··· Given records

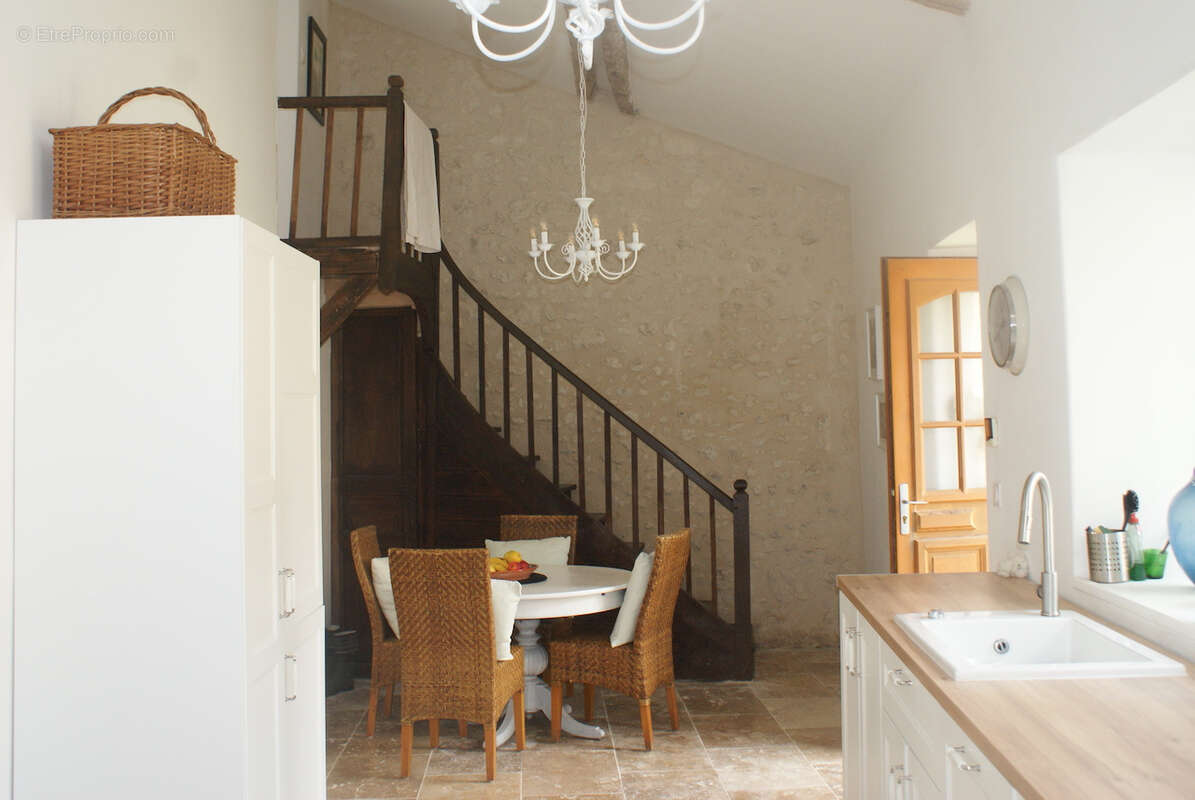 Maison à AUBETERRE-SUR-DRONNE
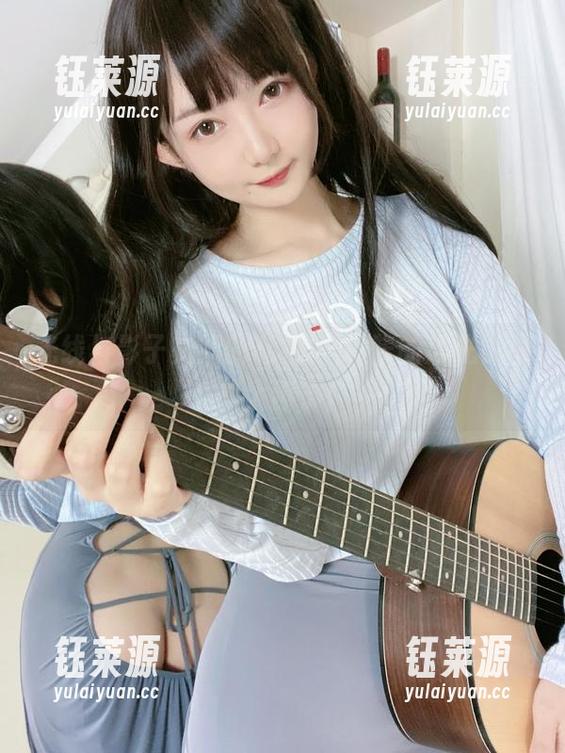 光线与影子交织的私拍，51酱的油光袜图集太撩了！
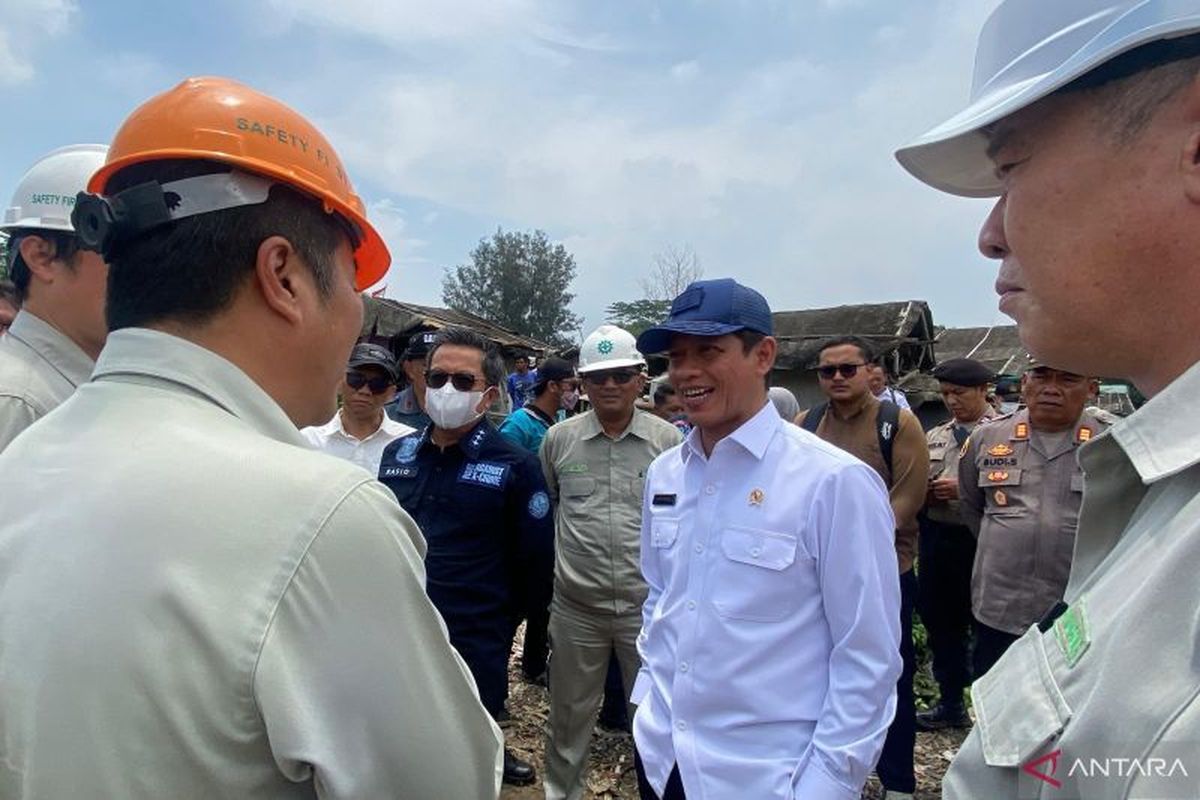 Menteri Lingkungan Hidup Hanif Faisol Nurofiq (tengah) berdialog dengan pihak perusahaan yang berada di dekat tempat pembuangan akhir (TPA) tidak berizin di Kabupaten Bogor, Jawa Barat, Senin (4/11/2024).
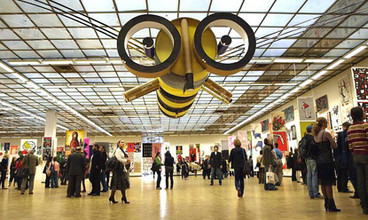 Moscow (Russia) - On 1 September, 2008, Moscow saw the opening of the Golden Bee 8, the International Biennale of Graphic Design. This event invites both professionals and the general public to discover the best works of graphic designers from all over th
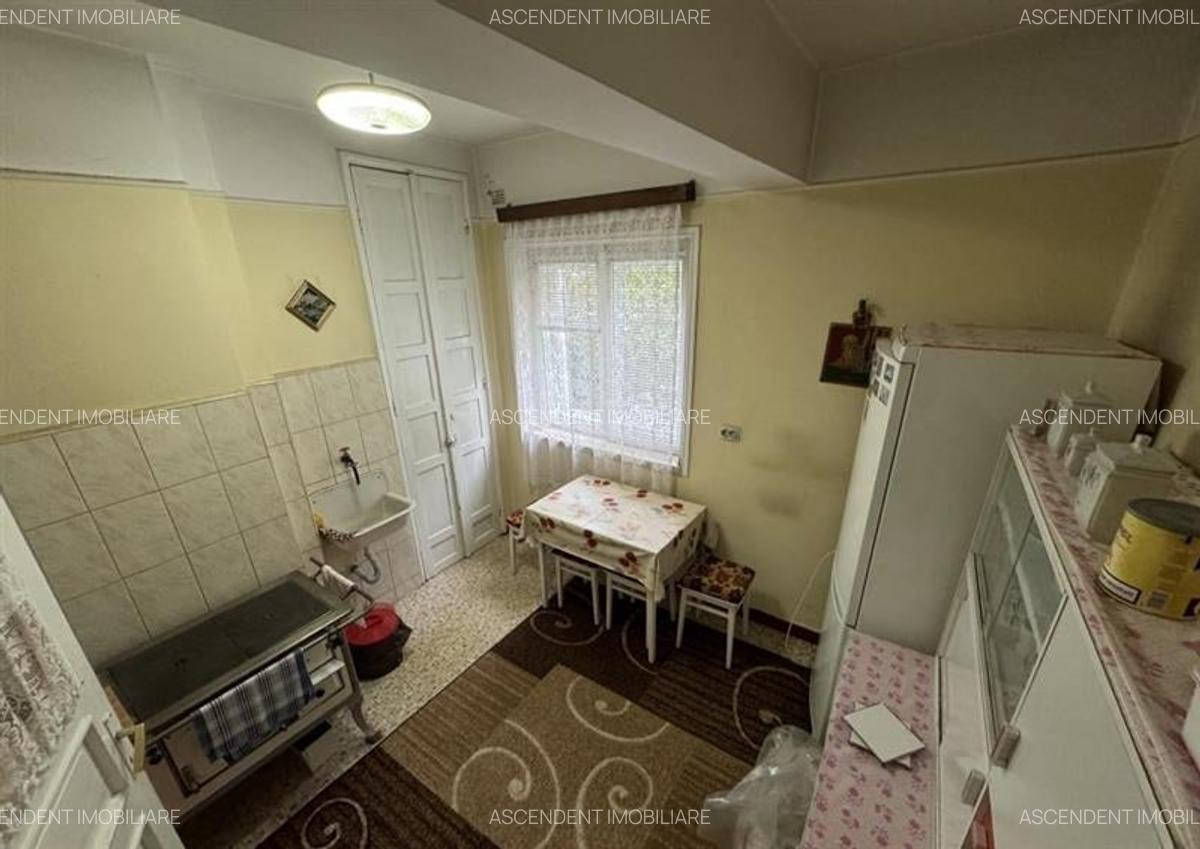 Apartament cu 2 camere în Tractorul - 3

······
··· Given records

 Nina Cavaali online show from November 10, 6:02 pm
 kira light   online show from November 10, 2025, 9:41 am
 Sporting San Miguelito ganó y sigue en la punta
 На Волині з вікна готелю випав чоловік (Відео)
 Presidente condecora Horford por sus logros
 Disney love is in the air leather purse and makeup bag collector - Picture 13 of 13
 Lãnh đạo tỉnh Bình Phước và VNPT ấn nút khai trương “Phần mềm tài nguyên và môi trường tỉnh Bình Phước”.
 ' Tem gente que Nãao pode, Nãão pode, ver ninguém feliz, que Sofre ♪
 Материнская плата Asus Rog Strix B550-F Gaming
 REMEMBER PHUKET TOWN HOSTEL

······
··· Given records

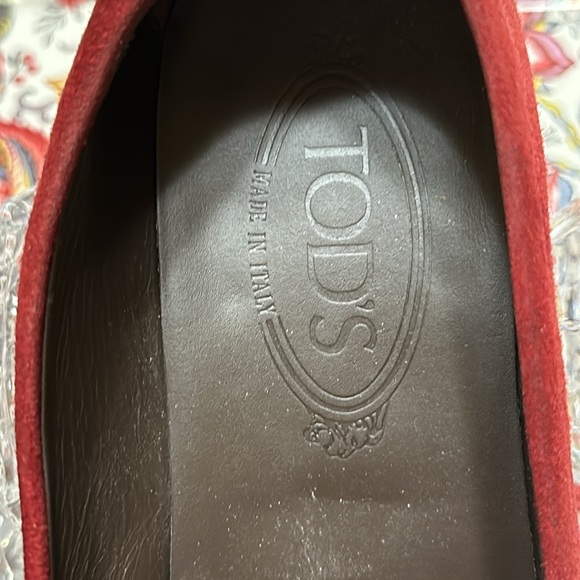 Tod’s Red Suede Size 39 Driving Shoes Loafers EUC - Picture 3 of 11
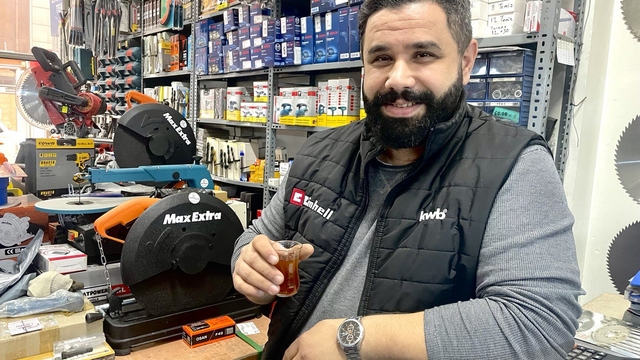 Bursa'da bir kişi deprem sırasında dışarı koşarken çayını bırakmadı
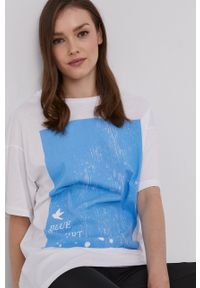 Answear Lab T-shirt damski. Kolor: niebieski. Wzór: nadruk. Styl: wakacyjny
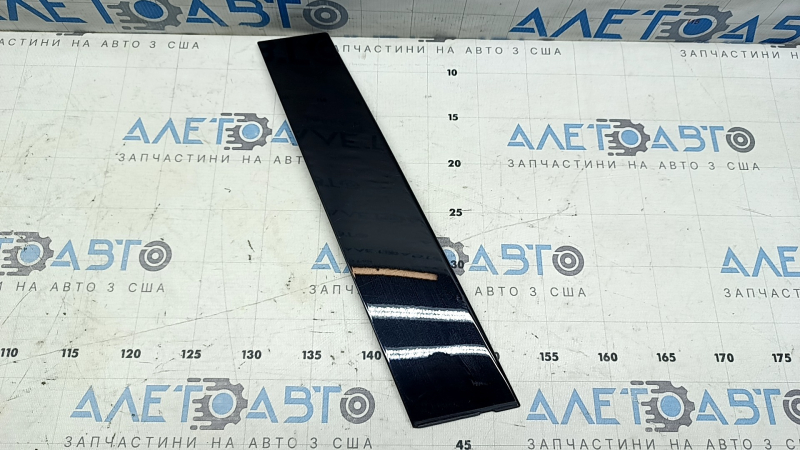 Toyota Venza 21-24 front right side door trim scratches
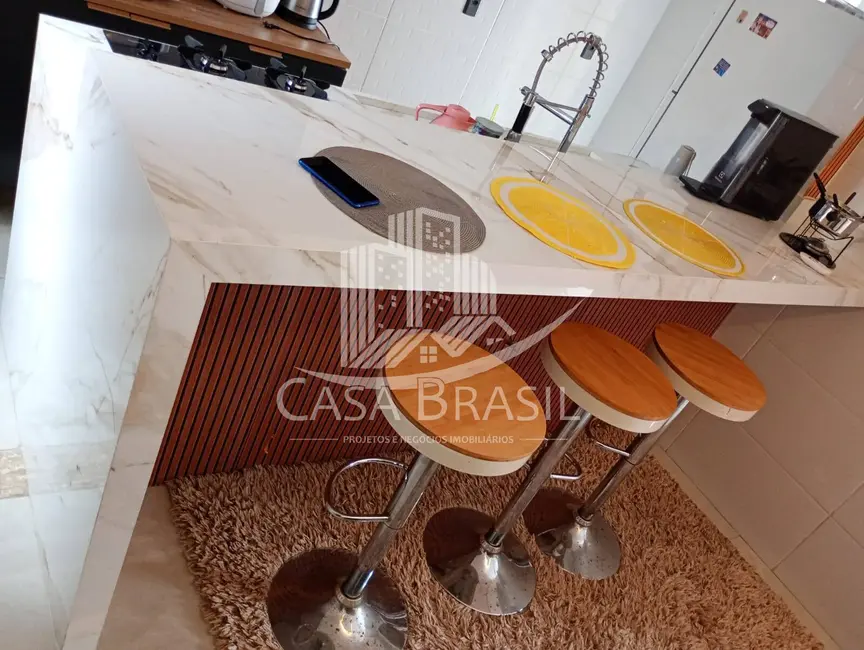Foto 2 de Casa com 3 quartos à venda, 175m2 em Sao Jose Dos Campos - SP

······

Your answer must be the exact lines from the records above, from the one containing "Moscow (Russia) - On" through the one containing "Apartament cu 2 camere în Tractorul - 3", both included, with every picture left out.

- _Answer to the exercise_
 Moscow (Russia) - On 1 September, 2008, Moscow saw the opening of the Golden Bee 8, the International Biennale of Graphic Design. This event invites both professionals and the general public to discover the best works of graphic designers from all over th
 Apartament cu 2 camere în Tractorul - 3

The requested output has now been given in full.